Starting at the line that contains "Good Choice Shoes", quote every line through the end of the entries, word for word, skipping the pictures.
↓
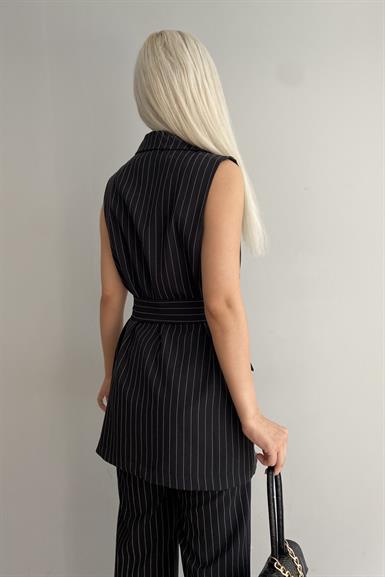 BEL LASTİKLİ DUBEL PAÇA ÇİZGİLİ PANTALON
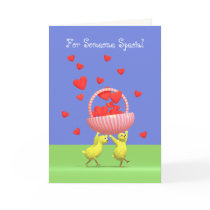 Valentine Chicks Hearts Basket Cards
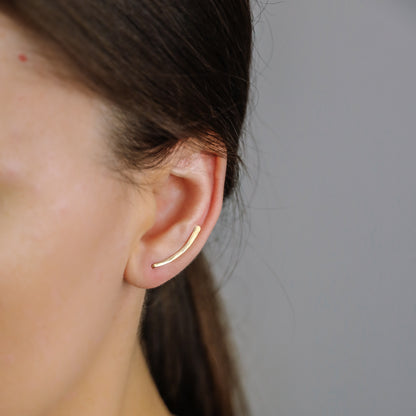 20 mm Dainty Long Ear Climbers • Silver, Gold, Rose gold • BYSDMJEWELS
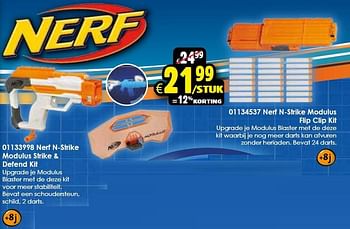 Aanbiedingen Nerf n-strike modulus flip clip kit - Nerf - Geldig van 24/10/2015 tot 06/12/2015 bij ToyChamp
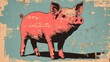 © Seyyar - Retro illustration of a cardboard toy pig symbolizing playful creativity on a blank canvas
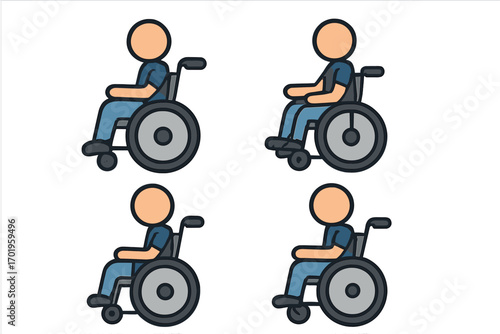 Man in wheelchair icon set. Vector cartoon illustration. Disabled person, handicapped symbol. Concept for accessibility, medical care, health, rehabilitation, special needs, invalidity.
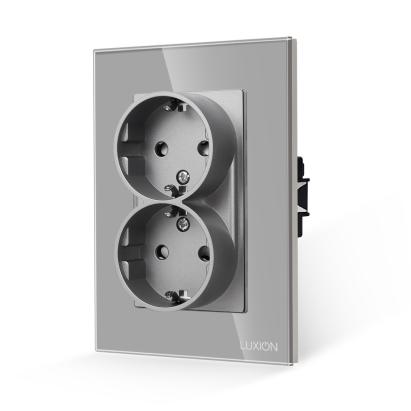 Priza Dubla cu Rama din Sticla LUXION Pentru Doza Simpla SmartElectro IntelligentHouse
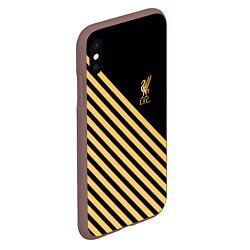 Чехол iPhone XS Max матовый Liverpool ливерпуль полосы, цвет: 3D-коричневый — фото 2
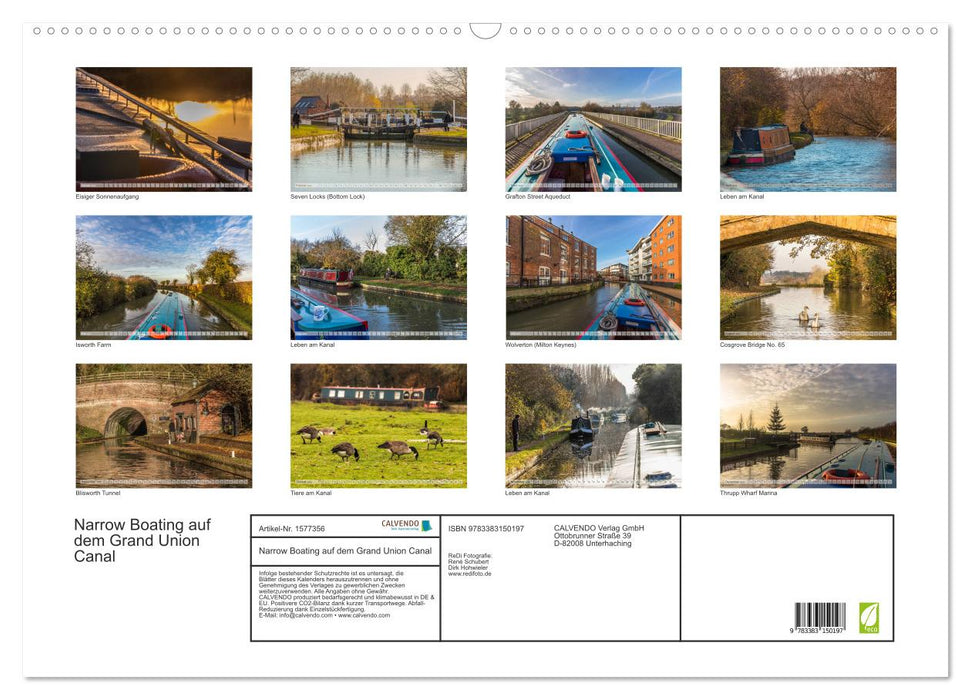 Narrow Boating on the Grand Union Canal (CALVENDO Wall Calendar 2024) 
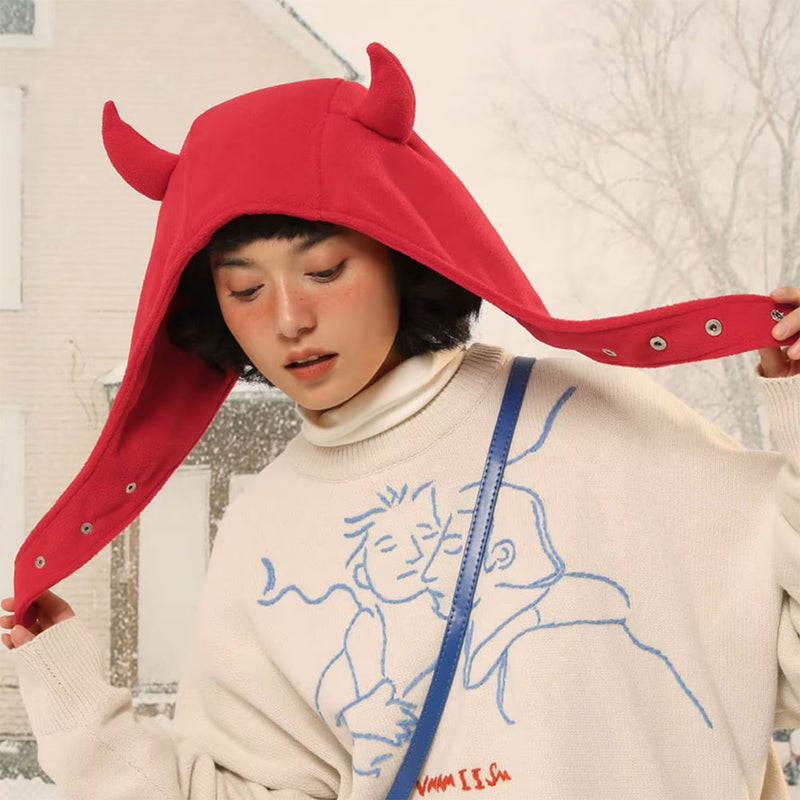 devil horns hood hat boogzel clothing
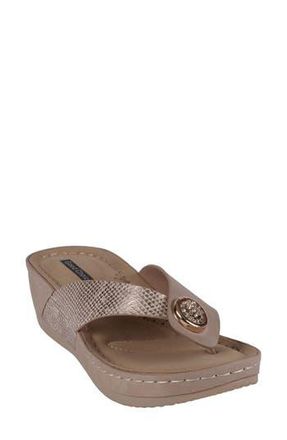 Good Choice Shoes Dafni Snakeskin Embossed Wedge Sandal in Bronze at Nordstrom Rack, Size 6.5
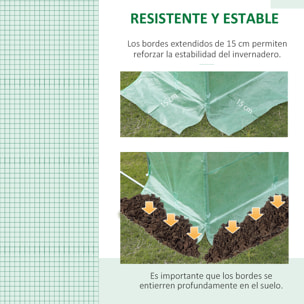 Cubierta de Invernadero de TáÂºnel 6x3x2 m Cubierta de Repuesto Invernadero Polietileno con 12 Ventanas y Puerta Enrollable Protección de Plantas para Jardín Verde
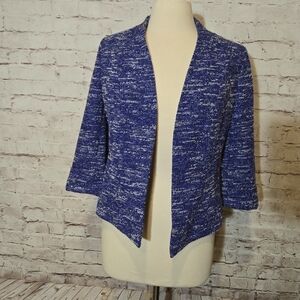 Kasper Womens Blazer Sz  6P Blue Tweed Jacket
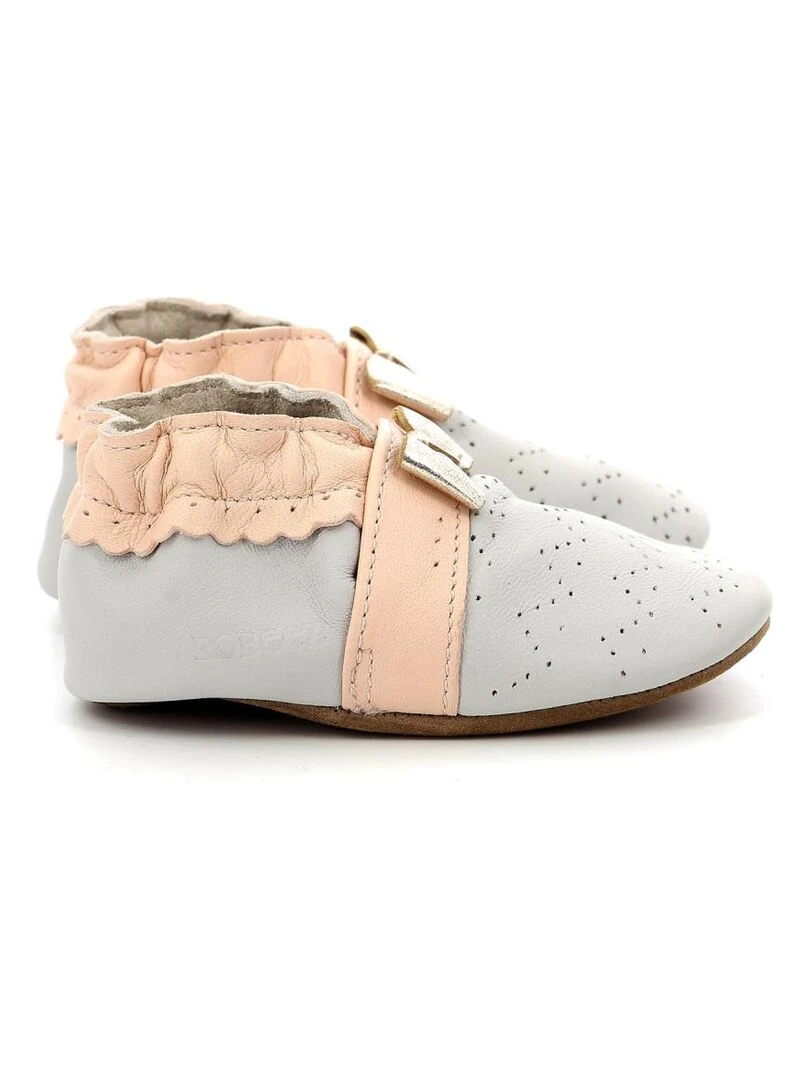 Chaussons Cuir Happy Mood Gris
↑
• **Answer for the task**
 Good Choice Shoes Dafni Snakeskin Embossed Wedge Sandal in Bronze at Nordstrom Rack, Size 6.5
 Cubierta de Invernadero de TáÂºnel 6x3x2 m Cubierta de Repuesto Invernadero Polietileno con 12 Ventanas y Puerta Enrollable Protección de Plantas para Jardín Verde
 Kasper Womens Blazer Sz  6P Blue Tweed Jacket
 Chaussons Cuir Happy Mood Gris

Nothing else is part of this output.